**Records to process:**

-=-=-=-=-

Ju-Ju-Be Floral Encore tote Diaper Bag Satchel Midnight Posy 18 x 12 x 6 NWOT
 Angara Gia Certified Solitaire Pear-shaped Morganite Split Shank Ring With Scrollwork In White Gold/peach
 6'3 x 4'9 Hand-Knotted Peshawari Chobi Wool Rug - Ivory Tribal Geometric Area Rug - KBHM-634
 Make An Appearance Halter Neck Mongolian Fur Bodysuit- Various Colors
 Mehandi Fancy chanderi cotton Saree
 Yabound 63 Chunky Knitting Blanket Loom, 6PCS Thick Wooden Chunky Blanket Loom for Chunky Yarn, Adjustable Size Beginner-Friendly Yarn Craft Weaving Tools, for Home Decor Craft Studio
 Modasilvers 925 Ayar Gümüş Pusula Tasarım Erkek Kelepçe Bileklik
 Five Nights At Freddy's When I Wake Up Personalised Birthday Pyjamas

-=-=-=-=-

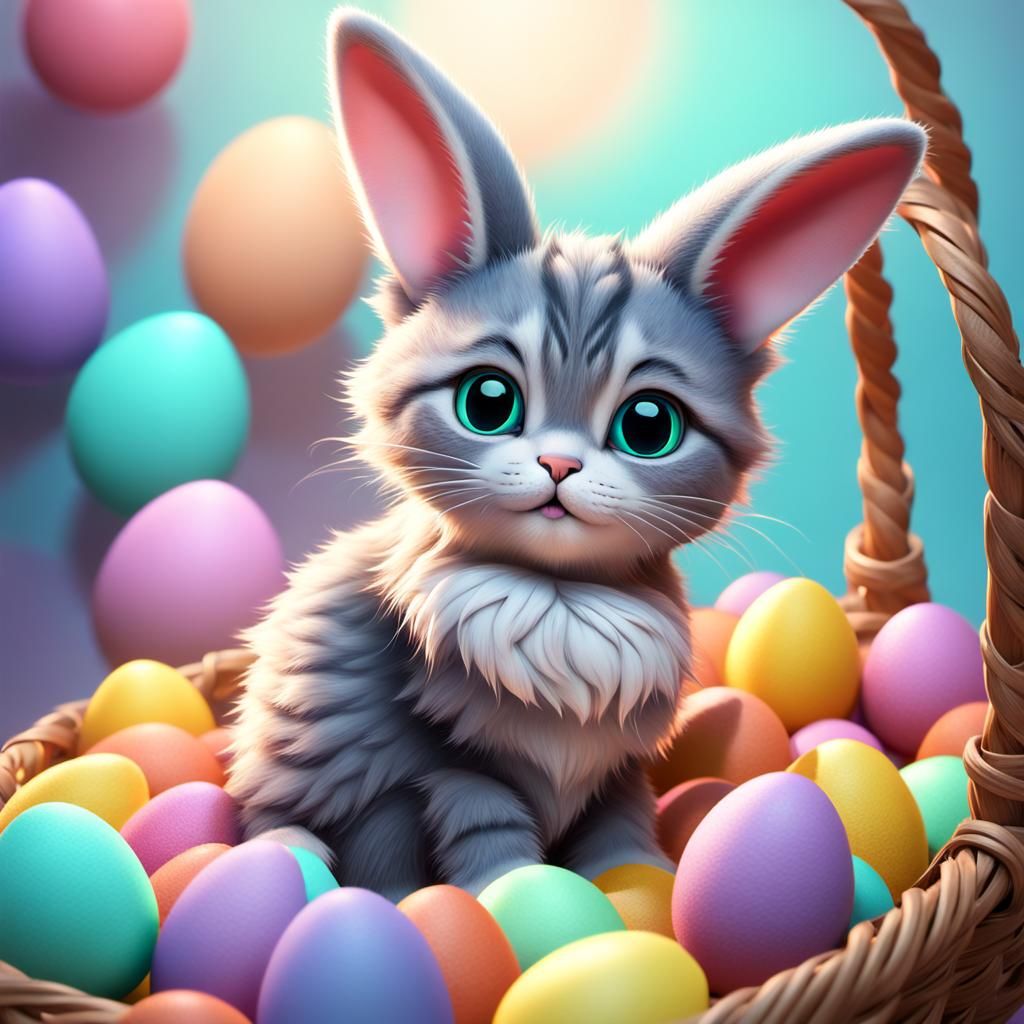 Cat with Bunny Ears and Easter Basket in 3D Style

-=-=-=-=-

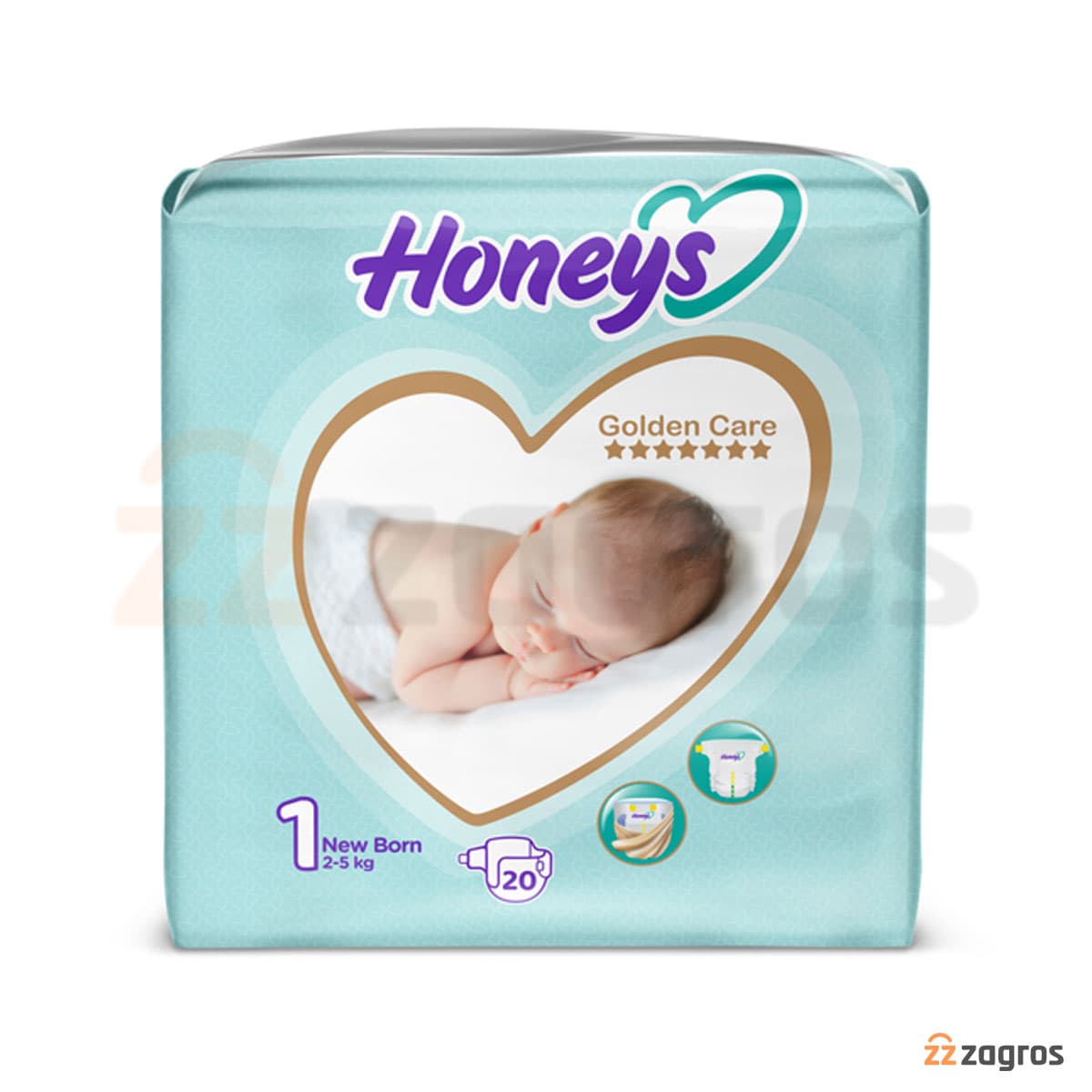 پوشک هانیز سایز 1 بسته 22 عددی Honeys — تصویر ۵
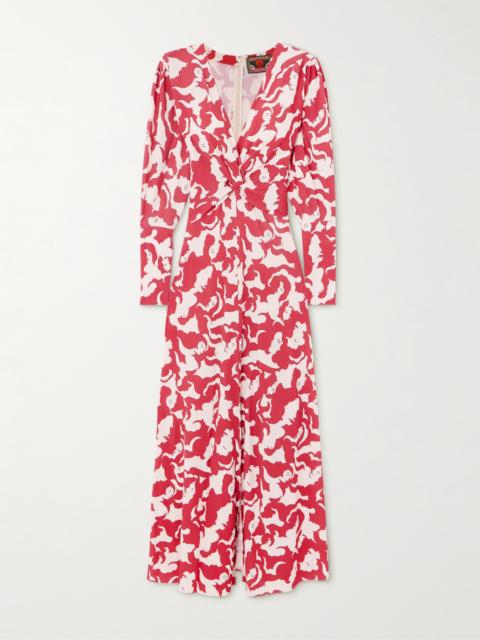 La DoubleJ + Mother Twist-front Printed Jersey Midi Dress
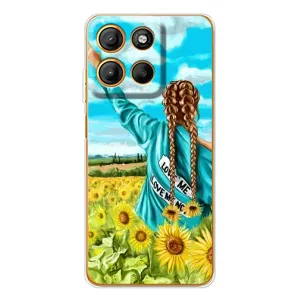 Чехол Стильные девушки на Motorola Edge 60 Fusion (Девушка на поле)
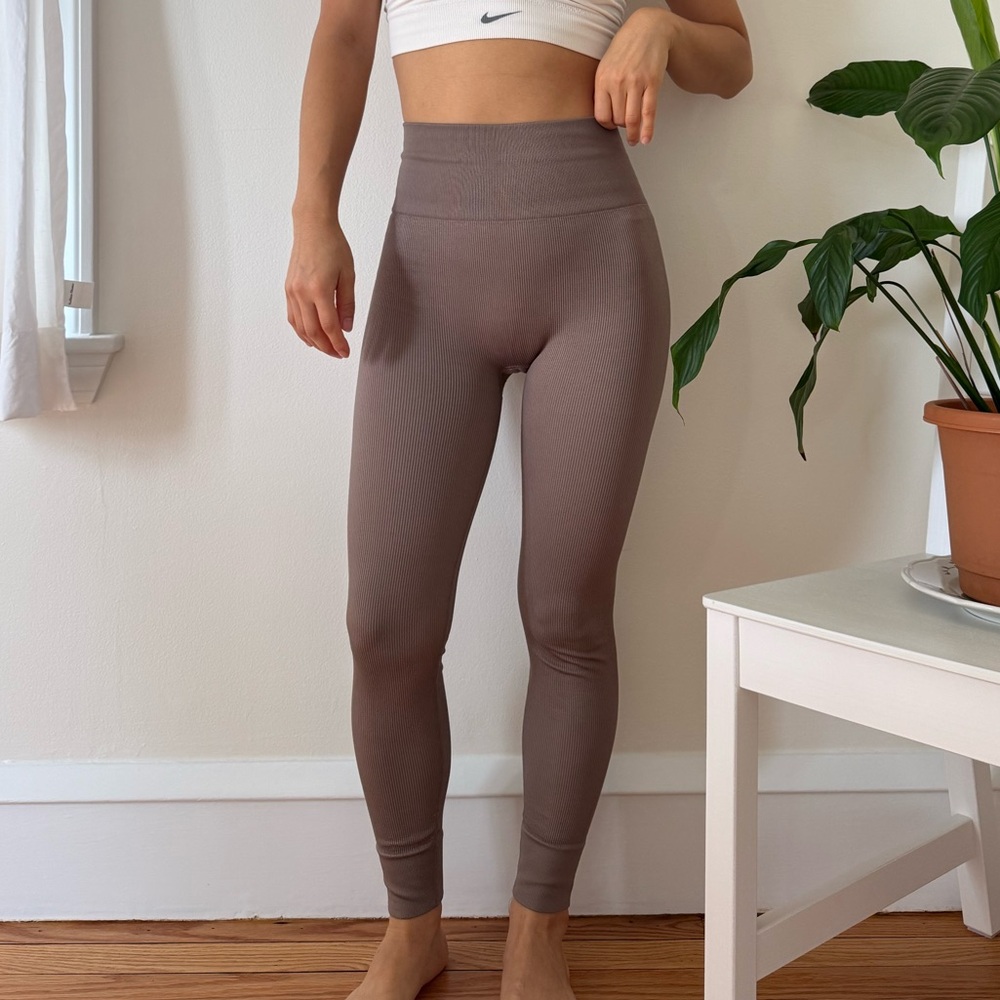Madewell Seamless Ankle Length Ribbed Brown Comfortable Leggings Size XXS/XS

-=-=-=-=-

**What is being asked:** Look above for the line with "Angara Gia Certified" and the line with "Five Nights At"; transcribe both and all lines in between, exactly, and nothing else.

**Response to the exercise:**
 Angara Gia Certified Solitaire Pear-shaped Morganite Split Shank Ring With Scrollwork In White Gold/peach
 6'3 x 4'9 Hand-Knotted Peshawari Chobi Wool Rug - Ivory Tribal Geometric Area Rug - KBHM-634
 Make An Appearance Halter Neck Mongolian Fur Bodysuit- Various Colors
 Mehandi Fancy chanderi cotton Saree
 Yabound 63 Chunky Knitting Blanket Loom, 6PCS Thick Wooden Chunky Blanket Loom for Chunky Yarn, Adjustable Size Beginner-Friendly Yarn Craft Weaving Tools, for Home Decor Craft Studio
 Modasilvers 925 Ayar Gümüş Pusula Tasarım Erkek Kelepçe Bileklik
 Five Nights At Freddy's When I Wake Up Personalised Birthday Pyjamas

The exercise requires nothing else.